In the deep mystery of Akka, the prison city, the old stones, the site of the incarceration of the Holy Family, there is something profound in being in a place so old, in touching the rock, in feeling the water's shimmer and counting the waves rolling in, in viewing the Land Gate where resides the needle's eye of Christian prophecy. The sound of a living city is all around, interspersed with the ultimate modernisms, Coke signs and advertisements, in Hebrew, for the latest Harry Potter movie. I smile at the sights and sounds of the city of Akka, old and new, imbibe history and the lap of water. The Mediterranean is beautiful, covered in a heat haze, and I watch through a room where 'Abdu'l-Baha lived and welcome Western pilgrims a century ago, and think, they are the same waves, and "We are the waves of one sea."

The joy is also alive as I share moments with my husband that we could not otherwise have known; he is full of laughter, an enthusiasm that sends him to seek the beauty of the terraces below and above the Shrine of the Bab, a joy of discovery which has him enjoying felafel and salads. He tells me, in some reflective times, of how he feels, coming into the Shrine of the Bab for the first time, that he has arrived home. Bernie became a Baha'i in Saskatoon in the early '80s, after reading the book, Release the Sun, by William Sears. He told Gordon Epp that he wanted to be a Babi, and accepted instantly that the Babis had become Baha'is, at the advent of "He Whom God shall make manifest." He fell in love with faith through the Bab, and now he falls in love with this land which holds the Bab's remains. Yet it is I, when we visit the Archives as a family, who find myself drawn to the Beauty of the Bab as conveyed in his portrait. He was so young, so pure, and so loved: a Christ-like figure in the middle of Persia, and His declaration that He is but a ring on the finger of Baha'u'llah strikes me with force. There is so much Grandeur here, and we human beings are no longer accustomed to such overwhelming Grandeur.

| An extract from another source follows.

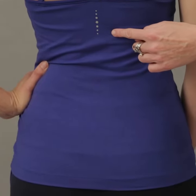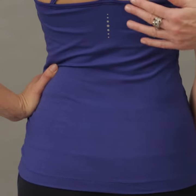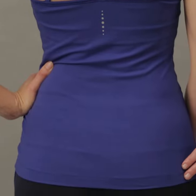You can clearly see our logo here, which is the seven chakras — the energy points that run through our body. As you can see on the back, the top is nice and long so it nearly covers your bottom.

'Abdu'l-Baha tells us, “There can be conceived no greater manifestation of love and kindness in the existent world today than this, that one should call to mind a loved one at the Sacred Threshold of Bahá’u’lláh, occupy oneself with his remembrance, and offer prayers for his well-being. This is the greatest blessing and favour, the most perfect bounty and bestowal.”
‘Abdu’l-Bahá, excerpt from a tablet Jináb-i-Muhammad Ali. (provisional translation).

Here, I offer prayers for a litany of loved ones, and feel the blessings of doing this in the beauty and heat of Haifa in summertime.
I leave my cynical self at the gate of this garden, and return to a sense of all that is holy.